Unlike AI chatbots, which work alongside users, AI agents can complete complex tasks autonomously. With AI agents, users can delegate work to the tool, then check to see if it needs assistance or if it has finished, instead of repeatedly prompting it.

In September, Salesforce launched its Agentforce suite of AI agents that can handle service, sales, marketing, and commerce tasks. Meanwhile, Microsoft released its purpose-built AI agents in Microsoft 365 Copilot earlier this month, that it said can work on simple or complex, multi-step tasks with or on behalf of a team or organization.

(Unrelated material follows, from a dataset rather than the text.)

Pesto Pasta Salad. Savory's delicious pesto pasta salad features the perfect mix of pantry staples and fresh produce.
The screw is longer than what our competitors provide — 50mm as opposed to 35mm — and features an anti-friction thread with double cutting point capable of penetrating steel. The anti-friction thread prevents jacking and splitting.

Still, Benioff was adament about AI’s current limitations. “There is a huge demand for AI products in the enterprise,” he told the Wall Street Journal, “but this idea that Microsoft has hypnotized the industry, that this is the panacea, this is the Messiah of AI for the enterprise, is a false prophecy.”

He added that he’s talked to “a lot of people,” including Microsoft chief executive Satya Nadella, about “this idea that these AI priests and priestesses are out there telling the world things about AI that are not true is a huge disservice to these enterprise customers who can, number one, increase their margins, increase their revenues, augment their employees, improve their customer relationships.”

While AI can improve work, Benioff said “we’re not there” — with “there” being the dystopian future in which AI surpasses the abilities of humans.

But Benioff said he thinks “we’re hitting the upper limits of the LLMs [large language models]” that currently power AI chatbots and some AI agents, and that new models with other abilities may replace them in the future.

“We just have to be careful how we think about these things,” Benioff said. “So we have to get back to reality.”